Early in S.E. Hinton's 1975 novel Rumble Fish, the protagonist and narrator is hanging out in a pool hall when he learns that a guy named Biff wants to fight him, and in fact is "looking to kill [him]" (6). Rusty-James is a tough guy and low-key juvenile delinquent, and he appears unfazed by this news. His friends, who are also hanging out there and include Steve, Smokey, B.J. Jackson, and Midget, who brings him the news, are more concerned. Steve, his closet friend with greater ambitions than Rusty-James (he ends up going to college), is especially worried: "He was scared it would end up in a gang fight" (9). Rusty-James wants to be like his older brother, a semi-legendary figure known as Motorcycle Boy, while the other boys are looking to avoid the fight. They agree to go as back up but only reluctantly. I think they see a life that doesn't involve smoking, poll halls, and rumbles in the street, which is all Rusty-James seems to care about.
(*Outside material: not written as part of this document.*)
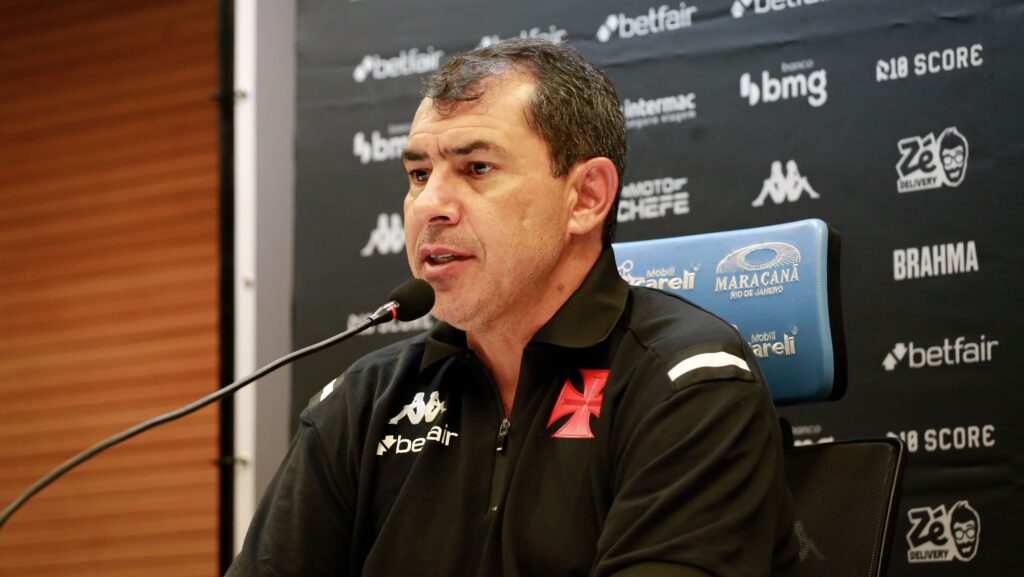 “Fábio Carille descarta rumor e reafirma foco no projeto atual” Fabio Carille descarta rumor e reafirma foco no projeto atual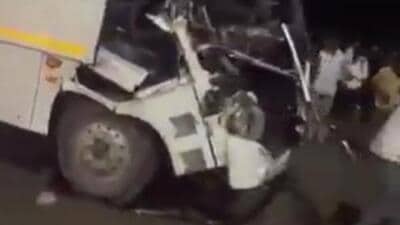 In Greater Noida, a driver in his 30s was left wounded after his bus carrying 30 passengers rammed into a moving truck from behind on the Eastern Peripheral Expressway on the intervening night of Saturday and Sunday. (HT Photo) In Greater Noida, a driver in his 30s was left wounded after his bus carrying 30 passengers rammed into a moving truck from behind on the Eastern Peripheral Expressway on the intervening night of Saturday and Sunday. (HT Photo)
They go to a vacant lot for the fight. Rusty-James acts fearless, but, once again, the other boys are more cautious. Smokey notices that Biff's "been poppin' pills" (21). During the fight, Rusty-James is slashed by Biff, and Motorcycle Boy returns to stop the fight. The boys are concerned for his wound, even though he, of course, laughs it off. Steve, who sneaked out of the house for the brawl, notices how badly he's bleeding. All in all, the fight shows how much Rusty-James's personality and world view differs from his more conventional friends.

Note: I'm using the Laurel-Leaf paperback edition.